:: Data to process ::
○ ○ ○

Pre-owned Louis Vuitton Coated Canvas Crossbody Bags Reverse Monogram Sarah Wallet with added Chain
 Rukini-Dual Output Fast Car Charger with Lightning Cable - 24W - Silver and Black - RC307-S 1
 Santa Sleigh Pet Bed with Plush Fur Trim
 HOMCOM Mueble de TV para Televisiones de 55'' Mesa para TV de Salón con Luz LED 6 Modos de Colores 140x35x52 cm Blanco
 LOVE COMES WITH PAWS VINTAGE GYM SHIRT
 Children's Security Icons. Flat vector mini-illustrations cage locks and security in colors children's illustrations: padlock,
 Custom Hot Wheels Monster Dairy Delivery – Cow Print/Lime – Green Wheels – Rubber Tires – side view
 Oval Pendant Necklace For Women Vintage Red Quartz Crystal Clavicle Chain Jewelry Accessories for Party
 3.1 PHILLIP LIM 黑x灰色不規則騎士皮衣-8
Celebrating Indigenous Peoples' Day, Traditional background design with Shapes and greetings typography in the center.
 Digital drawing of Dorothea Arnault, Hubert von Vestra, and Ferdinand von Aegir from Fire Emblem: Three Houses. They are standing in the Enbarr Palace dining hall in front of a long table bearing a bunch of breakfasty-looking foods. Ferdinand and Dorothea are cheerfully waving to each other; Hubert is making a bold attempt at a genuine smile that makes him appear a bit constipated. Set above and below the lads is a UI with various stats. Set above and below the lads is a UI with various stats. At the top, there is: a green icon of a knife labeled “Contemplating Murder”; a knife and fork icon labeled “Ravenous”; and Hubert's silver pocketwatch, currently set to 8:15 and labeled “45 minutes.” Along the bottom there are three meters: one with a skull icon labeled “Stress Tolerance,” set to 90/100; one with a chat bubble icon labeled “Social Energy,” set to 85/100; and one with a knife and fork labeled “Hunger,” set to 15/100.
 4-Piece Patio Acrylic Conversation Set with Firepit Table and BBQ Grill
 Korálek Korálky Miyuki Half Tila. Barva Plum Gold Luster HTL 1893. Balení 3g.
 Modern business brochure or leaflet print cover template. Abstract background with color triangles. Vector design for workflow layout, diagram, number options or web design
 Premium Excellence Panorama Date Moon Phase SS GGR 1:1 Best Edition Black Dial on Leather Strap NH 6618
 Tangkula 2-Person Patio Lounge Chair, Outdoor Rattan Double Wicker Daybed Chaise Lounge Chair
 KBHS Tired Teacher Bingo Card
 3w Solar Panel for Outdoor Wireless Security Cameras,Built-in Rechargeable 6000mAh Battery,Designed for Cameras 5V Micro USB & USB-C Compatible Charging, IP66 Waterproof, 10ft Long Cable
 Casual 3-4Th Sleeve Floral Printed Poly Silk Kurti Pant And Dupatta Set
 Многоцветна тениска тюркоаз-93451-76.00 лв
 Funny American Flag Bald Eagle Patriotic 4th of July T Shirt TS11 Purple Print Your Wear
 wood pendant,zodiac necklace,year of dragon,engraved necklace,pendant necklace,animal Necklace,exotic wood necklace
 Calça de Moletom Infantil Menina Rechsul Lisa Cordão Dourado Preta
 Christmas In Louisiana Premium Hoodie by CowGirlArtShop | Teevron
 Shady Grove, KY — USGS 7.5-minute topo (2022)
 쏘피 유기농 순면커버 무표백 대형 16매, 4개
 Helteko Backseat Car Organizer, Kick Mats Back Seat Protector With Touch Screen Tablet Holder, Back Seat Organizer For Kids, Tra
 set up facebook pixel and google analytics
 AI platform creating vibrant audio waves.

○ ○ ○

:: Exercise instructions ::
Where a line of the data holds "Necklace", show that line.

:: Output of the exercise ::
 Oval Pendant Necklace For Women Vintage Red Quartz Crystal Clavicle Chain Jewelry Accessories for Party
 wood pendant,zodiac necklace,year of dragon,engraved necklace,pendant necklace,animal Necklace,exotic wood necklace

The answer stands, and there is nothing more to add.